Teardrop

“I didn’t know this was going to happen. I didn’t know it would be like this.”


“No one knew,” he said. “But your tears were always inevitable, no matter what my family thought. You were on a path.” It was the same word Madame Blavatsky had used the first night Eureka and Cat went to her atelier. “And now we are all on that path with you.”

Eureka looked around the floating shield as it pitched through the deluged yard. The world beyond was eerie and dim, unrecognizable. She couldn’t believe it was her home. She couldn’t believe her tears had done this. She had done this. She felt sick with strange empowerment.

An arm of the swing set somersaulted over their heads. Everyone ducked, but they didn’t need to. The shield was impenetrable. As Cat and Dad gasped in relief, Eureka realized she hadn’t felt less alone in months.

“I owe you my life,” Ander said to her. “Everyone here does.”

“I already owed you mine.” She wiped her eyes. She’d seen these motions made countless times before in movies, and by other people, but the experience was entirely fresh to her, as if she’d suddenly discovered a sixth sense. “I thought you might be mad at me.”

Ander tilted his head, surprised. “I don’t think I could ever be mad at you.”

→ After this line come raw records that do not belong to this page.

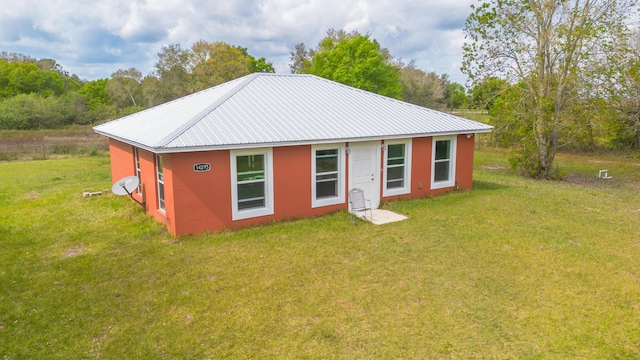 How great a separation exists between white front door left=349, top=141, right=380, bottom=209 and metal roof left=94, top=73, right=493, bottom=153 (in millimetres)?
520

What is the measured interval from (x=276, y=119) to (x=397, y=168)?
13.3 feet

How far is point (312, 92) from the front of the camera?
13609 millimetres

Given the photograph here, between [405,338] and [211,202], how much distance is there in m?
5.77

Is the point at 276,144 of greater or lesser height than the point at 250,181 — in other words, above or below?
above

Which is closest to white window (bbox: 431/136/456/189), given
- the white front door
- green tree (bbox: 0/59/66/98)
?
the white front door

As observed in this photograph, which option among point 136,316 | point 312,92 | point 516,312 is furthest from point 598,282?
point 312,92

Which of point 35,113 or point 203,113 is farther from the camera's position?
point 35,113

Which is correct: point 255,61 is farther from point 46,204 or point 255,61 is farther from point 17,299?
point 17,299

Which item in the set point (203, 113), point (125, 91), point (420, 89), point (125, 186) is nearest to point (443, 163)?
point (203, 113)

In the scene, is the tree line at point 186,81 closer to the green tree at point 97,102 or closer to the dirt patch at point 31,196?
the green tree at point 97,102

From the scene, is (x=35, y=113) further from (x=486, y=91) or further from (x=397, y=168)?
(x=486, y=91)

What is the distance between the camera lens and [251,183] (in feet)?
33.4

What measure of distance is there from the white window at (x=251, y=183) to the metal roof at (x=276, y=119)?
54 centimetres

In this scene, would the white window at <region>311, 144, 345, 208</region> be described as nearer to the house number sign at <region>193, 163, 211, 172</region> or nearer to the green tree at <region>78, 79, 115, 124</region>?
the house number sign at <region>193, 163, 211, 172</region> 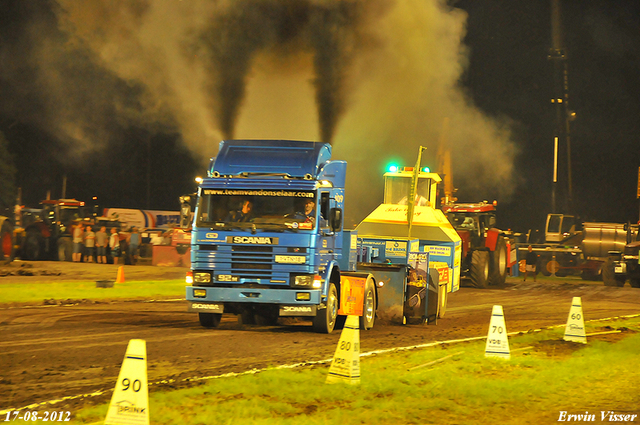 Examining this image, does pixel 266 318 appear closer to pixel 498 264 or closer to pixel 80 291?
pixel 80 291

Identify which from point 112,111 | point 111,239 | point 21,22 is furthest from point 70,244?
point 21,22

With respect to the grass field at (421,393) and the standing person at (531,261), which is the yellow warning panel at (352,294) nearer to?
the grass field at (421,393)

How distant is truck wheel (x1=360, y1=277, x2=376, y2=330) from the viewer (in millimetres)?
14461

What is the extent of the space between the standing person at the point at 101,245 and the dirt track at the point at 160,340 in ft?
50.5

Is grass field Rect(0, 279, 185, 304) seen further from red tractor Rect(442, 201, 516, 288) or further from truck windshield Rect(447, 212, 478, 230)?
truck windshield Rect(447, 212, 478, 230)

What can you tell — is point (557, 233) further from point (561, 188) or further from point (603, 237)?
point (561, 188)

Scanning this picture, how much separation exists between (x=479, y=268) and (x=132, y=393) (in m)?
22.8

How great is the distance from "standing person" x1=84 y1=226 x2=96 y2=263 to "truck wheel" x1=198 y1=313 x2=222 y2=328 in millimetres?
21446

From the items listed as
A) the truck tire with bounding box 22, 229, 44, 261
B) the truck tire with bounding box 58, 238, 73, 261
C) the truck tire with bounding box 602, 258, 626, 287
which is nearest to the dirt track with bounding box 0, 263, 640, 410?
the truck tire with bounding box 602, 258, 626, 287

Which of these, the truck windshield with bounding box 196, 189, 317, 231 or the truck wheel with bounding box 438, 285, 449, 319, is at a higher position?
the truck windshield with bounding box 196, 189, 317, 231

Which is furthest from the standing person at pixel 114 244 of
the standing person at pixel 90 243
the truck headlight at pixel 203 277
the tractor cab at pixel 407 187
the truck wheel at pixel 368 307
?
the truck headlight at pixel 203 277

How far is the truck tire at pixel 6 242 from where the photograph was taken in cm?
3103

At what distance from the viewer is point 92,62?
32.8 metres

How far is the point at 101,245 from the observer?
34.2 metres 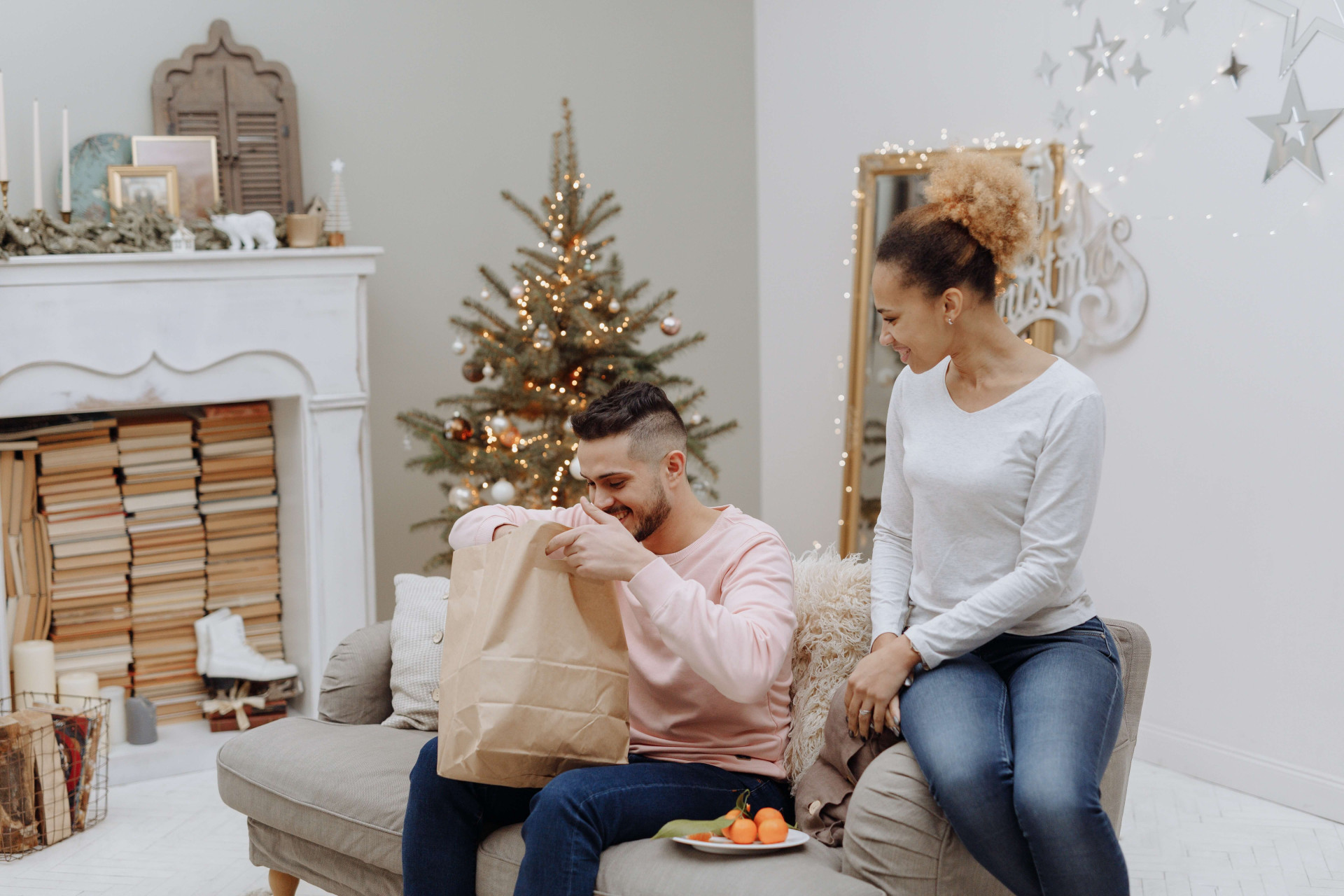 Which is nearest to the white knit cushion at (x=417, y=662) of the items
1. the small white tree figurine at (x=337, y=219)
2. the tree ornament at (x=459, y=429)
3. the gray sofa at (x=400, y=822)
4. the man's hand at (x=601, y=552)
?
the gray sofa at (x=400, y=822)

Another tear spilled down Eureka’s cheek. She watched Ander fight the urge to abscond with it to his own eye. Unexpectedly, the phrase I love you sprinted to the tip of her tongue. She swallowed hard to keep it back. It was the trauma talking, not real emotion. She hardly knew him. But the urge to voice those words wouldn’t go away. She remembered what Dad had mentioned earlier about her mother’s drawing, about the things Diana had said.

Ander wouldn’t break her heart. She trusted him.

“What is it?” He reached for her hand.

I love you.

“What happens now?” she asked.

Ander looked around the shield. Everyone’s eyes were on him. Cat and Dad didn’t even seem to begin to know what kinds of questions to ask.

“There is a passage near the end of the Seedbearer Chronicles that my family refused to talk about.” Ander gestured at the flood beyond the shield. “They never wanted to anticipate this happening.”

“What does it say?” Eureka asked.

“It says the one who opens the fissure to Atlantis is the only one who can close it—the only one who can face the Atlantean king.” He eyed Eureka, gauging her reaction.

“Atlas?” she whispered, thinking: Brooks.

Ander nodded. “If you have done what they predicted you would do, I’m not the only one who needs you. The whole world does.”

He turned in what Eureka thought was the direction of the bayou. Slowly he started to swim, a crawl stroke like she and the twins had used to get to shore the day before. His strokes increased as the shield moved toward the bayou. Without a word, the twins began swimming with him, just as they’d swum with her.

Eureka tried to grasp the concept of the whole world needing her. She couldn’t. The suggestion overpowered the strongest muscle she possessed: her imagination.

She began a crawl stroke of her own, noticing Dad and Cat slowly do the same. With six of them paddling, the wild currents were just barely manageable. They floated over the flooded wrought-iron gate at the edge of the yard. They pivoted into the swollen bayou. Eureka had no idea how much water had fallen, or when, if ever, it would stop. The shield stayed several feet below the surface. Reeds and mud flanked their path. The bayou Eureka had spent so much of her life on was alien underwater.

They swam past broken, waterlogged boats and busted piers, recalling a dozen hurricanes past. They crossed schools of silver trout. Slick black gars darted before them like rays of midnight.

“Will we still look for the lost Seedbearer?” she asked.